He was very good. But then he had to be. Some parents had spread the rumor (completely untrue) that he was a Communist, and it was the gossip of all the children of the junior high school, as well as of the PTA. After that, no one else in my public school system ever had to be more "accountable" than Mr. Daughterman, for every hostile eye was on him from the first day of classes to the last. He was both good and lucky. He managed to move on to central school administration before the stress of teaching under those conditions had undermined his health.
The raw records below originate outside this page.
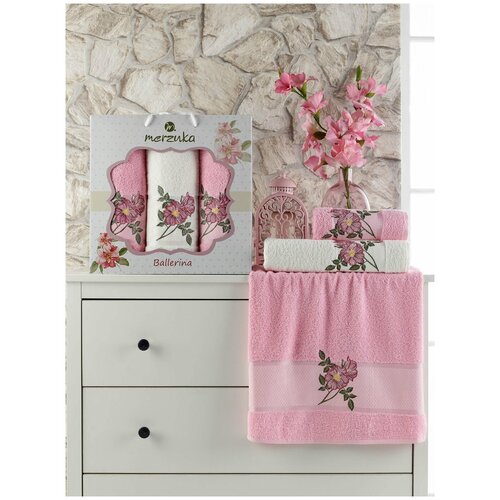 фото Подарочный набор полотенец для ванной 50х90(2), 70х140(1) merzuka ballerina хлопковая махра розовый merzuka (турция)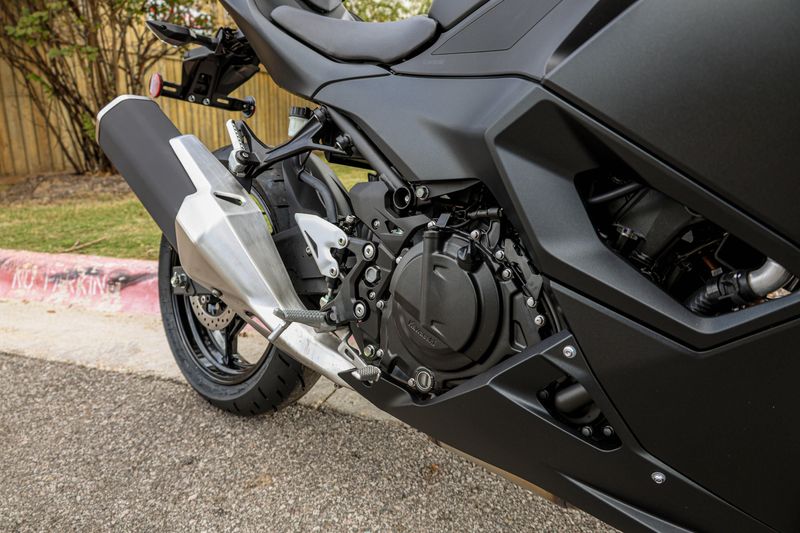 NEW 2026 KAWASAKI NINJA 500 ABS Image 5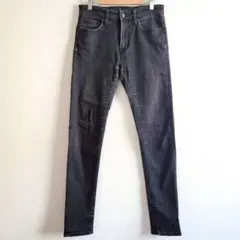 ユニクロ　ウルトラストレッチスキニーフィットジーンズ　黒　28 ボトムス　Gパン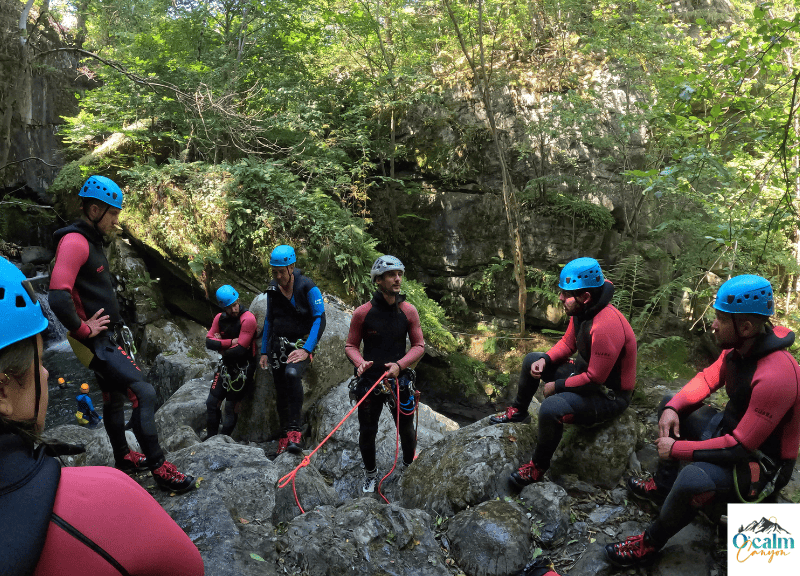 Pourquoi le canyoning en team building est l’activité parfaite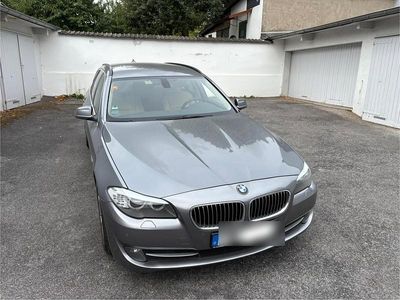 BMW 525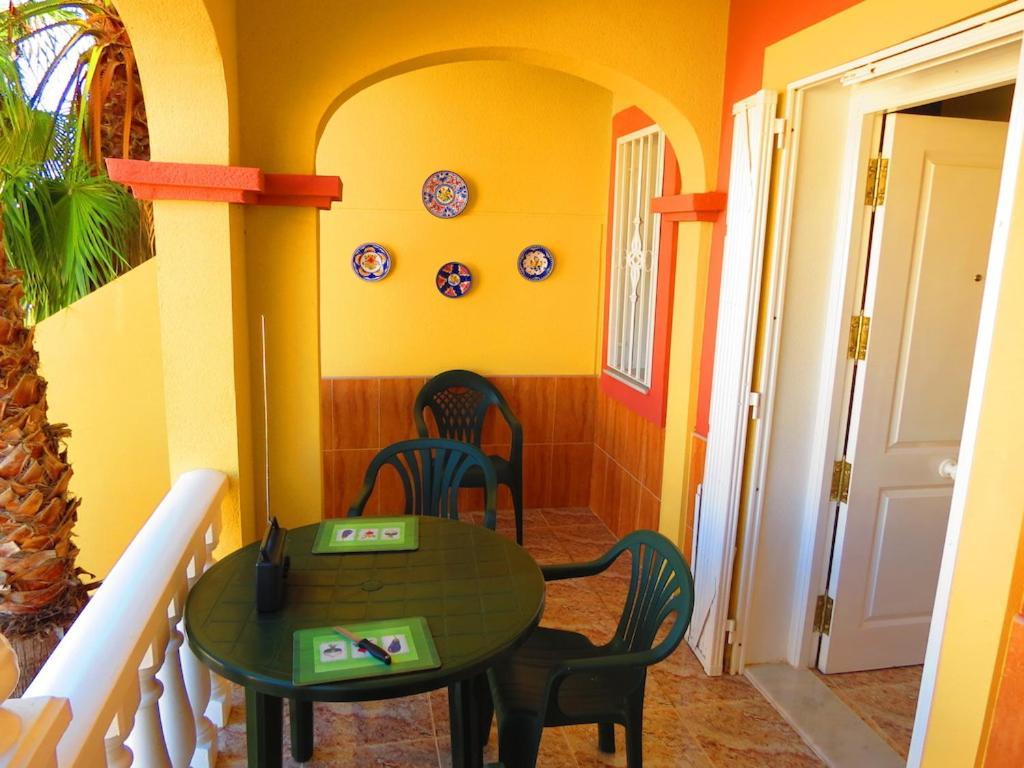 הוילה אוריהואלה Casa La Zenia Elite Townhouse With Shared Pool And 10 Minutes Walk To Beach מראה חיצוני תמונה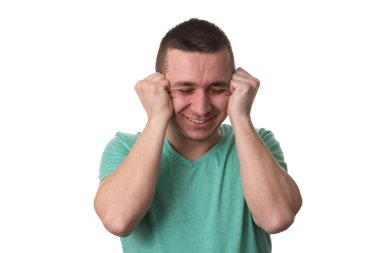 çekici genç bir adam bir baş ağrısı ile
There. The long-overdue discussion is started. What do you think, Anchoress?

3 Comments:

Blogger Dave Justus said...

I like a lot of what you have to say here. I linked to your post and went into some more details of my thoughts here.

6:01 PM  
Anonymous Anonymous said...

Yes Joseph, the things you have pointed to are very much needed. My heart weeps to see what the educational system is doing to our children. They are being robbed of their childhood, sucked dry by the pounding and memorization of concepts. Day after day having to stuff more “information”, unprocessed content. Where are the senses being nurtured? The heart forces, with reverence, respect, socialization, use of the limbs particularly the hands, in play and the use of various materials and mediums, the sense of color, the sense of touch and on it goes. What ever happened to “process”. Contraction and expansion within the context of a day in the classroom and age appropriate activities. Little children don’t think, they do, immerse themselves in play and experience. Are not these things the foundation for all that is to follow. Are not concepts to be left open for the next stage of development to be further examined, enriched and deepened? The machinery of education geared to productivity in later life. The destination so clear as to lose the wonder of the journey, gratitude, awe of nature, love of learning and service to a higher aim are being left in the dust of fear for achievement, position in life, material gain, economic security. Thank god teachers nurture despite the charge to score well. High school! My three children have just entered high school. We are lucky; it’s a good one. Many are not! Alan.

10:18 PM  
Blogger Mrs. D said...

Joe, this is an interesting post. I just wonder what you mean with "the strong class-ridden educational channeling of the European systems".
As I am German and went to school mainly in Germany, I'm interested in what you do not appreciate in European systems (which are quite diverse) and what you do appreciate.
I have a lot of friends from the US (living there and quite some living here in Germany) and we talked quite a lot about schools. What in my opinion should be taught more at American highschools is foreign languages. And not just one for a year. But a teaching that students are able to really communicate in a foreign language. This also furthers understanding for different cultures. And if they ever live abroad for their or their spouses' job, learning a foreign language will not seem as threatening as it does if you never really learned one.